The new borrowing limit contained in a document, Medium Term Debt Strategy, shows that Nigeria has raised its borrowing limit from 25 per cent of the Gross Domestic Product to 40 per cent of the GDP.

This revelation came even as the Senate gave new approvals to the Federal Government to borrow $8.33bn and €490m from external sources.

As of December 31, 2020, the National Bureau of Statistics put the country’s GDP at N152.32tn. Thus, forty per cent of the current GDP is N60.93tn.

Twenty-five per cent of the current GDP is N38.08tn, an amount which the nation may have surpassed in debt given that there are loans which the nation has already secured but are not included in the debt stock because they have not been drawn down.

This means that Nigeria can borrow as much as N60.93tn. Thus, with Nigeria’s current debt currently at N33.11tn, the new borrowing limit has given the country the leeway to expand its debt portfolio by up to N27.82tn.

Director-General of the Debt Management Office, Patience Oniha, confirmed the new borrowing limit in a telephone interview with PUNCH on Thursday.

Oniha said, “The new debt limit is 40 per cent. It was approved as part of the MTDS 2020 – 2023. The document and highlights are on our website.”

The DMO boss also dismissed insinuations that the new approval given by the Senate may have taken the country beyond the set borrowing limit.

She said, “The latest loan approval is within 40 per cent. Secondly, note that these loans will be disbursed over time and only what is disbursed is included in the debt stock.”

The debt strategy document said, “The debt limit was increased to accommodate new borrowings to fund budget, issuance of more promissory notes and the proposal to transfer some State Owned Enterprises’ debts, including AMCON to the FGN’s Balance Sheet in line with the IMF’s guidelines, and proposed inclusion of ways and means.

“This limit is provided in Section 12(1) of the Fiscal Responsibility Act (FRA), 2007, and efforts are to be made to ensure compliance, except if in the opinion of the President, there is good reason to exceed the threshold, as further provided in Section 12(2) of the Act.”

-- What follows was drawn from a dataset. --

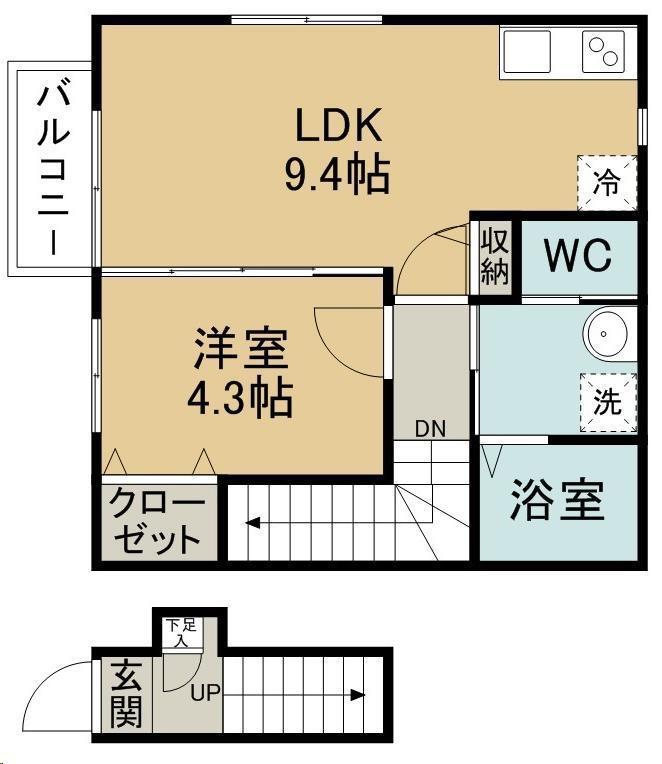 MAGIS N(1LDK/2階)の間取り写真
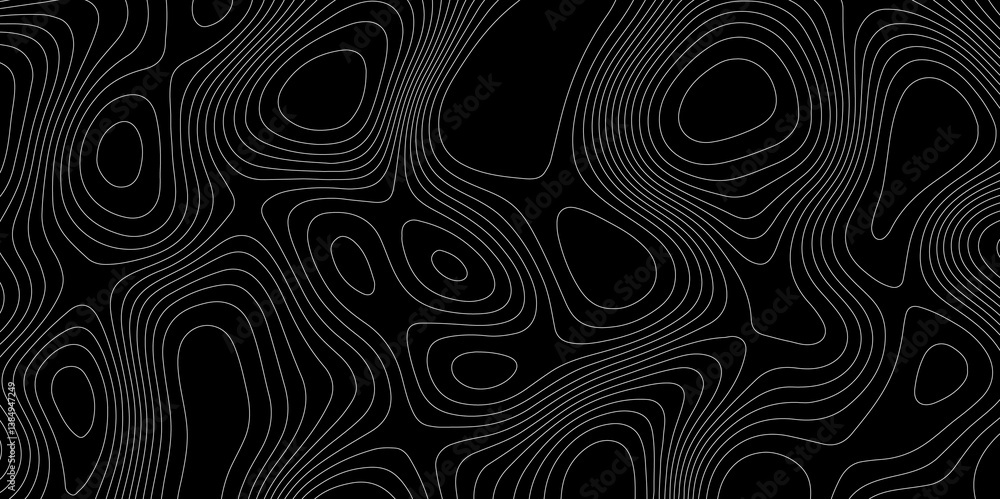 Poster abstract outline topographic contour map pattern with white lines on dark background, modern flat ge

The primary objective of Nigeria’s MTDS, 2020-2023 is to guide the borrowing activities of the FGN in the medium-term, the document said.

The framework compares alternative funding strategies available to the government as it pursues the desired structure of debt portfolio that reflects the selected strategy considering the costs and risk trade-offs in the medium-term.

The document said, “The main thrust of this new strategy is to moderate the level of debt related risks, reduce the cost of debt servicing, maximise leveraging on funding from multilateral and bilateral sources, subject to availability, whilst ensuring debt sustainability, amongst other objectives.”

According to the document, the DMO is not in control of the growth in GDP and FGN revenue, but its assessment of the performance of Nigeria’s total public debt to GDP shows that the debt portfolio remains within a sustainable limit.

It said, “The ratio of Total Public Debt Portfolio to GDP was 19.00 per cent as at December 31, 2019 compared to 13.02 per cent in 2015, remaining within the Country-Specific Debt Limit of 25 per cent.

“Although the ratio has increased steadily due to new borrowings and slower growth of the GDP, this ratio for each of the years – 2016 to 2019, was well below the World Bank/IMF’s recommended threshold of 55 per cent for countries in Nigeria’s peer group and ECOWAS convergence threshold of 70 per cent, as well as within the Country’s Specific Debt Limit of 25 per cent.”

According to the National Debt Management Framework 2018 -2022 document on the DMO website, Nigeria is a Lower-Middle-Income country.

According to the document, Debt Sustainability Analysis carried out by the DMO uses the joint World Bank/IMF Debt Sustainability Framework for Low Income Countries.

According to this sustainability framework, medium economies on the composite indicator must have a liquidity ratio for external debt service to revenue of 15 per cent, PUNCH reported.